[Stored items]
·····

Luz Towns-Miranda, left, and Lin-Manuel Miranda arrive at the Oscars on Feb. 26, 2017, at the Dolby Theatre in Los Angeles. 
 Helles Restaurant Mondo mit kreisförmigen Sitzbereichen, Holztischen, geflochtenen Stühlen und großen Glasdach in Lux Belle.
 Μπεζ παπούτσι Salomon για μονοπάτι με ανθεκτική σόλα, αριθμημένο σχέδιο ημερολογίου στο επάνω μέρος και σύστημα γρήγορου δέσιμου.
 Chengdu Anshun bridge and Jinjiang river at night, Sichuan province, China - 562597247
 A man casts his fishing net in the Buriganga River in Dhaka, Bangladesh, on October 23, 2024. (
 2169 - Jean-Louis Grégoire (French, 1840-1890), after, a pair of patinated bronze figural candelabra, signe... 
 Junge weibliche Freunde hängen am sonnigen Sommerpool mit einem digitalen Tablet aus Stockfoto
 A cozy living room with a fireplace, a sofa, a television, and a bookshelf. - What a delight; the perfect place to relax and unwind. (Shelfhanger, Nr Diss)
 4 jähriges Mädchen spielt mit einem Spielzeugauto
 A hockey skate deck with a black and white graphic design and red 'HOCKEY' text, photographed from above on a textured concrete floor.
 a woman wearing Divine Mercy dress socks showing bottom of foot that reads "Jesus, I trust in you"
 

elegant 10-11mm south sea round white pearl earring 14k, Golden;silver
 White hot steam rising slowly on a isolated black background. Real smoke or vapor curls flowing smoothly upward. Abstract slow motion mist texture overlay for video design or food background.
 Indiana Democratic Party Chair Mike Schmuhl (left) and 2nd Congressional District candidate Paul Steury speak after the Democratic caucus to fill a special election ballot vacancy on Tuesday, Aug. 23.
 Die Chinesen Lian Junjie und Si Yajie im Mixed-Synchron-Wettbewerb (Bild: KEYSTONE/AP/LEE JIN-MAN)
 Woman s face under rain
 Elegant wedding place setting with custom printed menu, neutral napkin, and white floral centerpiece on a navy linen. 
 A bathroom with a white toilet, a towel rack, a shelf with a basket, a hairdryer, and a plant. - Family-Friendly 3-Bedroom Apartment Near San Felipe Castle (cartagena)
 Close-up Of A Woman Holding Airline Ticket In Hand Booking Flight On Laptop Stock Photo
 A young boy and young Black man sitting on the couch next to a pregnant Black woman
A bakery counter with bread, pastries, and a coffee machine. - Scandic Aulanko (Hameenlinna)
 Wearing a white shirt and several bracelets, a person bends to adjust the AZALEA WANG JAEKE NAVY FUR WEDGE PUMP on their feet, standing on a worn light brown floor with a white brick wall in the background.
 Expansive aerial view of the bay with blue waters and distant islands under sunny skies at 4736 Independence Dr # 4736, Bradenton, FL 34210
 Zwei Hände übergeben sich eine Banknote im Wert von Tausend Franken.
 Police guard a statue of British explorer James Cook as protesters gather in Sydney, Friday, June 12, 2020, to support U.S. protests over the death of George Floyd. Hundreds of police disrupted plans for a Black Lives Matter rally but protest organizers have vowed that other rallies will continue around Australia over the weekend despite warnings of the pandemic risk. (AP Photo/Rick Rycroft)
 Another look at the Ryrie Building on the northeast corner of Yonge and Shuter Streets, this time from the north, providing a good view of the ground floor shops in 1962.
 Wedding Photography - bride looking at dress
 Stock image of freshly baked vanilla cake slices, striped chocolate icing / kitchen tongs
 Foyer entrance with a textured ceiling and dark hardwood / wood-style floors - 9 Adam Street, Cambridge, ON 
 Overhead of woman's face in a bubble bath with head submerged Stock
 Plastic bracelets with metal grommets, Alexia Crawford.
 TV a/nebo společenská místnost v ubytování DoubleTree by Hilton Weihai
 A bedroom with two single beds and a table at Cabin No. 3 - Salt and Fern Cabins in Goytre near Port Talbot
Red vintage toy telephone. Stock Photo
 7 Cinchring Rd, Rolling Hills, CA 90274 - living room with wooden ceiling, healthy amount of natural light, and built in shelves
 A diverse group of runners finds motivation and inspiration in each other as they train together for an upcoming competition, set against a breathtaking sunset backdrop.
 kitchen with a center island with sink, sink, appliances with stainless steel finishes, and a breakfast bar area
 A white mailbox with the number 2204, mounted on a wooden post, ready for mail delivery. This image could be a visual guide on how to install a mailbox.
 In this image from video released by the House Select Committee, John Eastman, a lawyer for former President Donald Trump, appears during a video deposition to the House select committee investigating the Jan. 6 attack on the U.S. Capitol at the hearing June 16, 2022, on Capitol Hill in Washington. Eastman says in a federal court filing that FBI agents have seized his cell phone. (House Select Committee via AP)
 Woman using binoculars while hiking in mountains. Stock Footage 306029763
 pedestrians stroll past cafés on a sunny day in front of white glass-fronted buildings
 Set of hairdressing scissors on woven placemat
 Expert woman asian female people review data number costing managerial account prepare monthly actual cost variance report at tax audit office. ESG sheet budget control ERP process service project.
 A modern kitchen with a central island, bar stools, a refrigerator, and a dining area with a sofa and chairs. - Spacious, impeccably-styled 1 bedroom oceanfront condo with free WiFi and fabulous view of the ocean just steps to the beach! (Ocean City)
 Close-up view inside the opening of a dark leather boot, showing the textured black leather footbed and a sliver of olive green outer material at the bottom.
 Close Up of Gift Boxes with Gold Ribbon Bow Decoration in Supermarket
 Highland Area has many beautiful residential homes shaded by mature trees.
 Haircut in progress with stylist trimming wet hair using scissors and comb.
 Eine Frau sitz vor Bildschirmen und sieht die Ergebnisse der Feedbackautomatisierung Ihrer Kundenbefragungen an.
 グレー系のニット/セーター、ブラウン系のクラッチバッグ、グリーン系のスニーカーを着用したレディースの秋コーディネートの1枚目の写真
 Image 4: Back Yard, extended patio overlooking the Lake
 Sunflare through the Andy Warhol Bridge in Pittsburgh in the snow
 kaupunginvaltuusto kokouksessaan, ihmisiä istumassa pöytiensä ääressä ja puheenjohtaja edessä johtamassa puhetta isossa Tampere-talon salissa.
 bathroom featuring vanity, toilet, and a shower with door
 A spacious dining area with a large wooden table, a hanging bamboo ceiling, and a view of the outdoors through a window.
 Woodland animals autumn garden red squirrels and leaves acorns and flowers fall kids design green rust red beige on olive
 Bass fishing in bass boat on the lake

·····

Exercise objective ▸
Scan the entries for lines holding the string "after", then copy every one of them.

Solution for this exercise ▸
 2169 - Jean-Louis Grégoire (French, 1840-1890), after, a pair of patinated bronze figural candelabra, signe... 
 Indiana Democratic Party Chair Mike Schmuhl (left) and 2nd Congressional District candidate Paul Steury speak after the Democratic caucus to fill a special election ballot vacancy on Tuesday, Aug. 23.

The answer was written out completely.